Globalize processes have caused in us (all over the world) a general sense of searching for immediate results. Therefore, we have come to posses a need to see immediate results. This contrasts greatly with the slow movements of the Swedish. They, on the other hand, debate, debate, debate, hold multiple numbers of quality meetings and work with a slowdown scheme. At the end, this always yields better results.

 

Said in another words:

1. Sweden is about the size of San Pablo, a state in Brazil.

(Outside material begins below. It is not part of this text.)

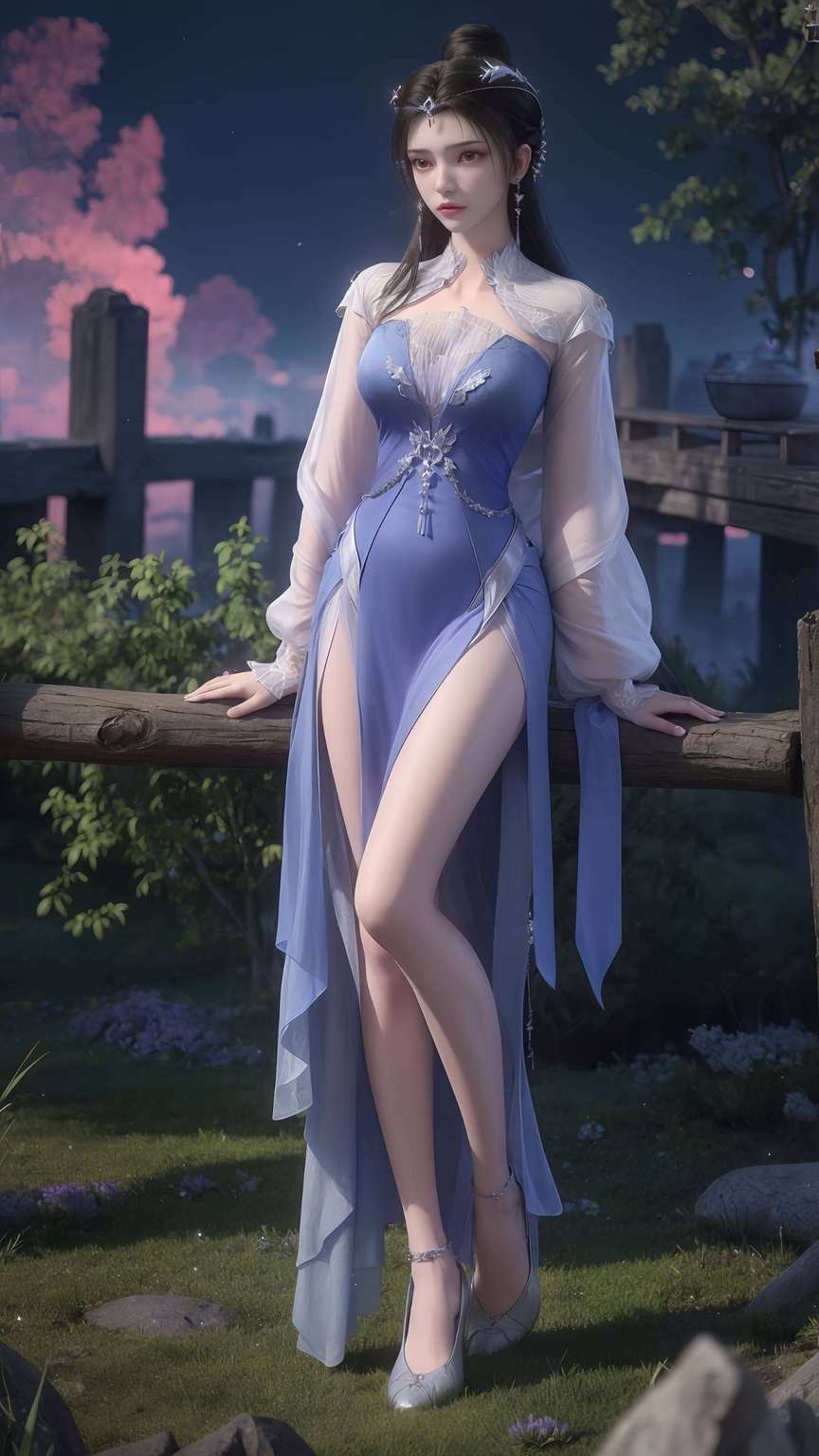 谁说国漫美女只能存在于二次元？李慕婉的壁纸还能把平板壁纸变成仙境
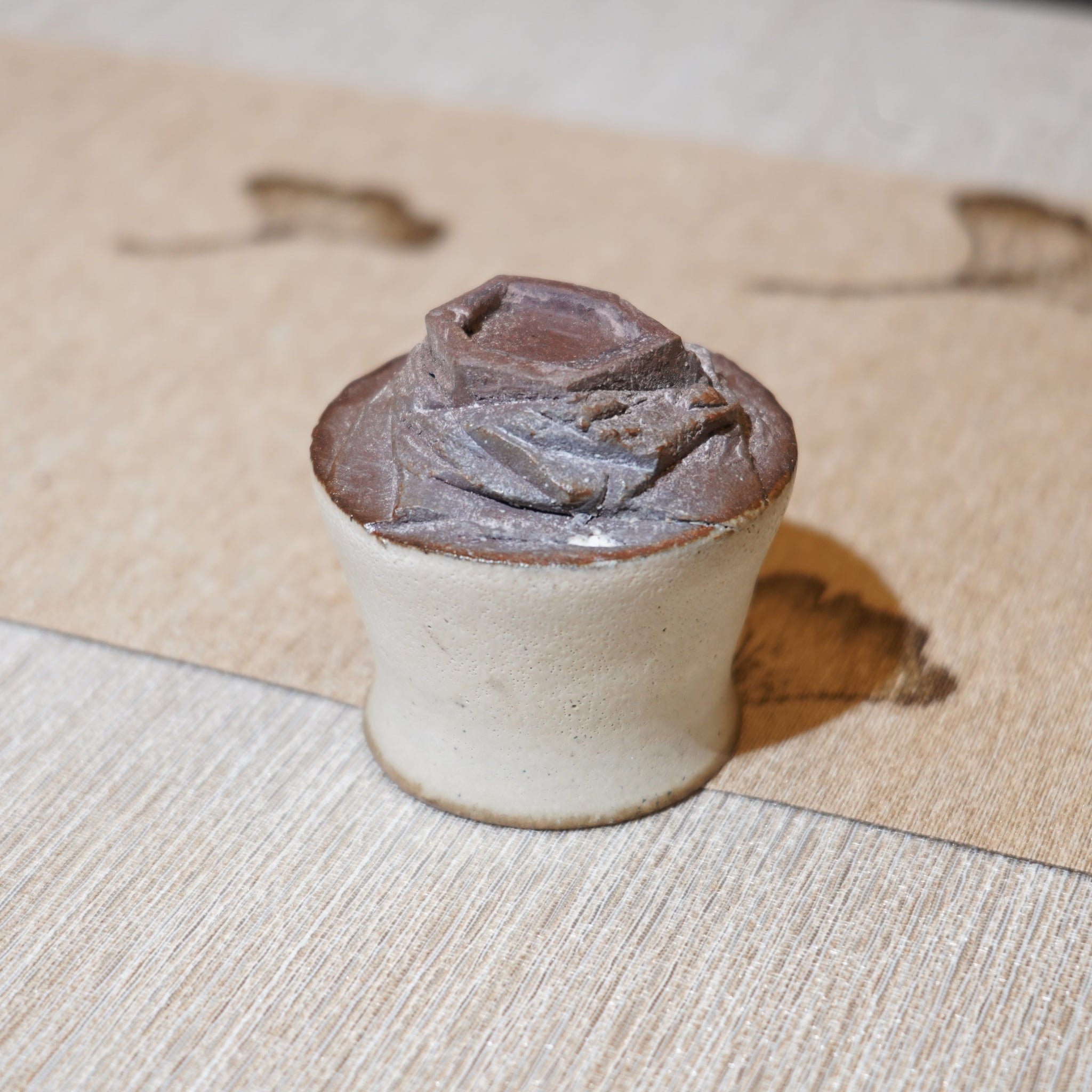 *新品*【雪隱·霜岳】全手工紅陶炻器主人杯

2. Sweden has 2 million inhabitants.

3. Stockholm, has 500,000 people.

4. Volvo, Escania, Ericsson, Electrolux, Nokia are some of its renowned companies. Volvo also supplies to NASA.

 

The first time I was in Sweden, one of my colleagues picked me up at the hotel every morning. It was September, bit cold and snowy. We would arrive early at the company and he would park far away from the entrance. 2000 employees drive their car to work). The first day, I didn't say anything, the same was true for the second and third. One morning I asked, "Do you have a fixed parking space? I've noticed we park far from the entrance even when there are no other cars in the lot." To which he replied, "Since we're here early we'll have time to walk, and whoever gets in late will be late and need a place closer to the door. Don't you think?" Imagine my face.

 

Nowadays, there's a movement in Europe name Slow Food. This movement establishes that people should eat and drink slowly, with enough time to taste their food, spend time with the family, friends, without rushing. Slow Food is against its counterpart: the spirit of Fast Food and what it stands for as a lifestyle. Slow Food is the basis for a bigger movement called Slow Europe, as mentioned by Business Week.

 

Basically, the movement questions the sense of "hurry" and "craziness" generated by globalization, fueled by the desire of "having in quantity" (life status) versus "having with quality", "life quality" or the "quality of being". French people, even though they work 35 hours per week, are more productive than Americans or British. Germans have established 28.8 hour workweeks and have seen their productivity been driven up by 20%. This slow attitude has brought forth the US's attention, pupils of the fast and the "do it now!".

 

This no-rush attitude doesn't represent doing less or having a lower productivity. It means working and doing things with greater quality, productivity, perfection, with attention to detail and less stress. It means reestablishing family values, friends, free and leisure time. Taking the "now", present and concrete, versus the "global", undefined and anonymous. It means taking humans' essential values, the simplicity of living.

 

It stands for a less coercive work environment, more happy, lighter and more productive where humans enjoy doing what they know best how to do. It's time to stop and think on how companies need to develop serious quality with no-rush that will increase productivity and the quality of products and services, without losing the essence of spirit.

 

In the movie, Scent of a Woman, there's a scene where Al Pacino asks a girl to dance and she replies, "I can't, my boyfriend will be here any minute now". To which Al responds, "A life is lived in an instant". Then they dance to a tango.

 

Many of us live our lives running behind time, but we only reach it when we die of a heart attack or in a car accident rushing to be on time. Others are so anxious of living the future that they forget to live the present, which is the only time that truly exists. We all have equal time throughout the world. No one has more or less. The difference lies in how each one of us does with our time. We need to live each moment. As John Lennon said, "Life is what happens to you while you're busy making other plans".

 

Congratulations for reading till the end of this message. There are many who will have stopped in the middle so as not to waste time in this globalize world.